I muddled through the process of selecting a college and completing application and financial aid forms. The fact that I attended Beloit College was a happy accident — entirely a by-product of the fact that I wanted to play football, but was too small and too slow to play Division I or II. I only applied to colleges that waived their application fee to recruit me, either for football or because of my performance on standardized tests. It was hard enough to keep the refrigerator stocked, so to ask for help to cover multiple application fees seemed out of the question. Staying close to home was also an important college-choice consideration. Where would the money for even a bus ticket come from? I ended up at Beloit College for three reasons that had little relevance to long-term goals: it was Division III, so I could play football (but then I didn't — another story); I received an academic scholarship; I could borrow my mom's car to move to campus.

My high school education was pitched to a low common denominator, and I performed well without really ever doing homework, taking notes, or studying. I struggled to adjust to college. After the first year my GPA was .2 away from academic probation. I lost my merit scholarship. It took a third semester in the school of academic hard knocks to learn two basic rules for success that have worked for me at every stage of my education: attend every class meeting and do every reading assignment for every class. Maybe obvious, but it took me a while to get it down. When I did, I made Dean's List four out of my five remaining semesters at Beloit.

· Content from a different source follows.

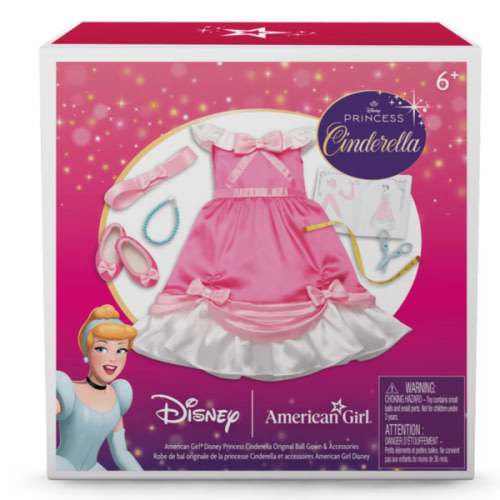 American Girl® Disney Princess Cinderella Original Ball Gown & Accessories for 18-inch Dolls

In addition to adjusting academically to college, I adjusted socially. Not that I no longer felt marginalized because of my socioeconomic background, but my relationships with students and faculty were transformative. Super-talented and highly creative, committed to causes, possessed of a mind-boggling diversity of personal experience and ambitions, the lived example of Beloit College students exploded my limited horizon of personal possibilities. My friends motivated and enabled me to parse an undifferentiated mass of impetuses and influences, so that I could distinguish between life-possibilities given by circumstances and those that I really wanted to own, in particular the gradually coalescing sense that my vocations were (are) writing and teaching. My professors helped me through the process of discovering how my college education fit into a bigger-picture perspective of such callings. When I was still struggling on the steep side of the learning-how-to-be-a-college-student learning curve, Georgia Duerst-Lahti, a professor of government (my undergraduate major), flatly informed me that I would never be happy working in any context other than a college or university. Her advice was so matter-of-fact that it was beyond the scrutiny of my insecurities about whether I could transition from the trailer park to Philosophiae Doctor. Then I met John Wyatt, teacher of, among things, classics, from whom I learned that an authentic life of creative endeavor must be grounded deeply in a commitment capacious enough to become at home with the paradox that art rarely acts enduringly for good in the world (humility thesis), but that any real art must aspire to do so (devotion thesis).

My debt to Beloit College is total. John Wyatt inspired me to pursue a Ph.D. in classical studies. Georgia Duerst-Lahti taught me to embrace the backward and forward trajectories of my path — that the personal is political, you might say, and a resource, intellectual and creative. And whatever has made it possible to teach myself ancient Greek, for example, or to sustain a creative writing practice alongside research and a teaching career — whatever that is, I got it from Beloit College students.